The class is filled with an excitement that reminds me of waiting for snow day announcements when I was a kid in Minnesota.

” … will be canceled because of the strike.”

I know the professor is just hoping that we won’t cheer. Of course, the tension has to be released somehow, and a few whoops and hollers sound off.

But it’s really not all fun and canceled classes. Members of the Coalition of University Employees (C.U.E.) are striking to defend their right to earn living wages. They are also protesting the unfair bargaining tactics and bad faith that they say the University of California is bringing to the table.

These are people’s livelihoods and basic rights at stake. Anyone who has a job that supports and feeds them understands the power that the bosses have with the paycheck. Without unions representing the workers, that power would be absolute. But when workers unite, they can protest mistreatment and poor wages with a collective power that the managers and owners have to listen to – as long as the union doesn’t fall prey to greed and infighting.

This right to rise up against those who hold the purse strings is of immense importance, and like many other items in our Constitution, is not to be taken for granted these days.

There’s another battle between employer and employee going on right now, except that the government, in all its wisdom, has joined the field of this one. The dispute between the International Longshore and Warehouse Union (ILWU) and the Pacific Maritime Association (PMA) in ports all up and down the West Coast has been temporarily ended.

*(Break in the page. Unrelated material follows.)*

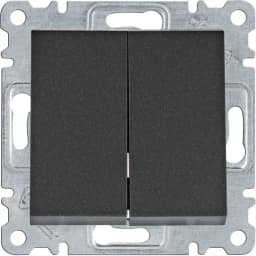 Вимикач кнопковий 2-кл. для серії Lumina Hager WL0143 чорний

Mr. Bush has brought to the table a piece of rarely used legislation that former president Harry Truman, over whose veto it passed, called a “slave-labor bill.” The Taft-Hartley Act gives the executive branch the power to get an 80-day injunction to end or prevent a strike that “imperils the national health or safety.”

Incidentally, it also required union leaders to affirm that they were not supporters of the Communist Party.

It might have been a good idea to reopen the ports, even if by force. Analysts estimated that the nation was suffering $1-2 billion a day in economic damages because of all the cargo sitting on the docks. The Justice Dept. also predicted that an extended shutdown could cost 140,000 American jobs by the end of the year.

The ports were closed earlier this week, but the ILWU never went on strike. It was locked out by the PMA. Actually, the ILWU had signed an unconditional agreement to return to work for 30 days.

The 30-day agreement was a plea from the administration for work to continue in order to spare the economy. The PMA reportedly said that it would sign if the ILWU did. Then, when the ILWU signed it, the PMA refused. The PMA sparked an economic catastrophe that it allowed to run loose in order to force government intervention so that it might have a stronger hand, and Bush played right into it. He’s not exactly what you’d call “labor-friendly.”

Look at his big corporation, the government. He and a bunch of his Republican senator buddies, the management, are doing their best to make sure that the 170,000 workers that will make up the proposed Homeland Security Dept. have no civil service rights or rights to union representation. If people had rights, according to Bush, we wouldn’t be able to effectively fight a war.

We’re all in this together. We may eventually have to defend our lives and our rights too, and we may have to start sooner than we think. Support C.U.E. or don’t, but understand that the battle they’re fighting could be yours someday.

Cory Anthony is the Daily Nexus assistant Opinion editor, and is dreaming of a union to represent underpaid student press writers.